本記事は、2016年10月に投稿した記事の補訂版です

 

藤原伊周は道隆の嫡男で隆家の兄。道長にとっては甥にして最大(唯一?)のライバルというべき存在でした。正暦2年(991年)に参議に任ぜられて公卿に列せられると、以後父道隆の強引な引き立てにより権中納言、権大納言を経て正暦5年(994年)には道長ら3人を超越して早くも内大臣に昇ります。しかし、この強引な人事は他の公卿たちの反感を買ったばかりか、時の一条天皇の生母藤原詮子(道隆の妹・道長の姉)の不興も買うこととなりました。

 

長徳元年(995年)道隆が病に倒れると、伊周は内覧に任ぜられ関白職を代行します。しかし、この措置は道隆の病の間に限定されていたため、伊周はこれに不満であり、そこで伊周の母方の叔父高階信順が内覧宣旨の文言を変えさせようとしますが、却って一条天皇の不興を買う結果となります。

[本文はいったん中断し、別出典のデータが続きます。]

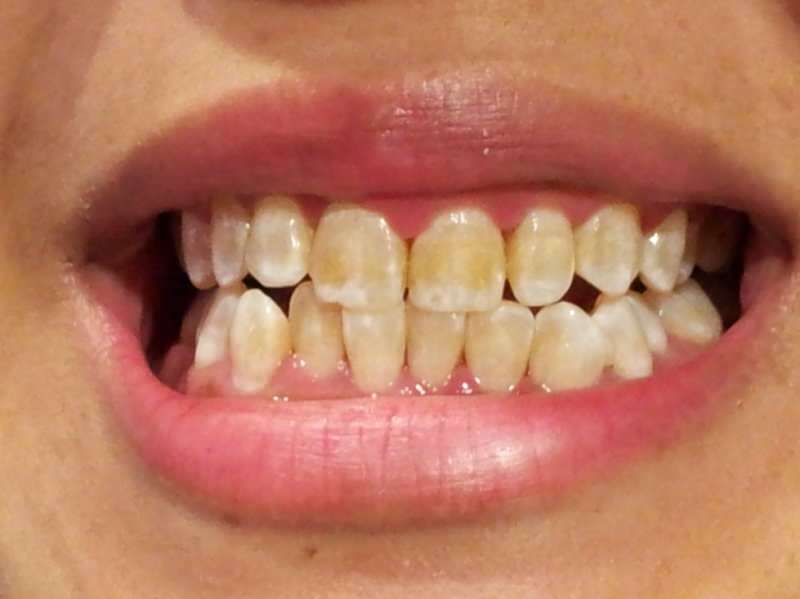 zubní obraz osoby, jejíž zuby začínají ztmavnout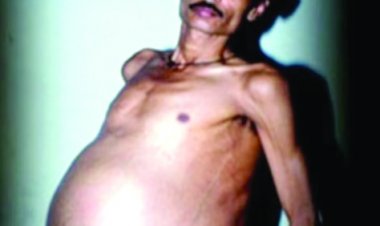 गया था ट्यूमर का इलाज कराने, 36 वर्षीय शख्स के पेट से निकला जुड़वा बच्चे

また、伊周が定めた倹約令が細かな点まで規制しようとするものであったことも公卿らの批判と伊周の資質に対する疑念を生じさせることとなりました。

 

道隆が薨去すると彼の次弟道兼が後任の関白に就任しますが、在任わずか12日で世を去り、その後任を巡り伊周と道長の間で争いとなります。一条天皇は、寵愛する中宮藤原定子の兄である伊周と生母詮子が推す道長のどちらを後任とするか決めかねていたところ、詮子の泣き落としによる説得に負けて道長を内覧に任じたという『大鏡』のエピソードは良く知られているところです(詮子は道長を可愛がっていたのに対し、伊周のことは嫌っていたようである)。もっとも、前記のとおり、伊周は公卿層から浮いた存在となっていたことに加え、公卿層には世代交代を阻止するというコンセンサスが形成されており、詮子の意向はそうした「政治情勢」に合致するものであったため、一条としても尊重せざるを得なかったというのが実情のようです。

 

こうして道長がひとまず政権の座に就いたものの、その基盤は未だ盤石とはいえず、両者の対立は深まる一方でした。そうした中で、長徳2年(996年)、伊周と隆家が花山法皇と「闘乱」となった際に花山に矢が射かけられたこと、詮子を呪詛したこと等を理由として伊周は大宰権帥に貶せられて現地に配流となり政界から失脚します(長徳の変)。それでも、翌年には詮子の病を理由に赦免されて帰京し、寛弘2年(1005年)には席次を大臣の下、大納言の上と定められて廟堂に復帰すると、寛弘5年(1008年)には准大臣の宣旨を蒙る(儀同三司)など、復権に向けて着々と歩を進めているかに見えました。しかし、同年道長の娘彰子が一条天皇の子敦成親王(後の後一条天皇)を産むと、翌年伊周の母方の近親者(高階一族)による道長・彰子・敦成に対する呪詛事件が起き、これに連座して朝参を停止されてしまいます。この処分はまもなく解けたのですが、こうしたことに気落ちしたのか、翌寛弘7年(1010年)失意のうちに世を去りました。

 

伊周の嫡男道雅は従三位に叙せられ公卿に昇りましたが、道雅の二人の男子はいずれも仏門に入り、伊周の男系子孫は断絶しました。しかし、伊周の長女は道長の次男頼宗の正室に迎えられ、頼宗との間に儲けた俊家の子孫は松木家、持明院家等に分かれて現在まで続いています。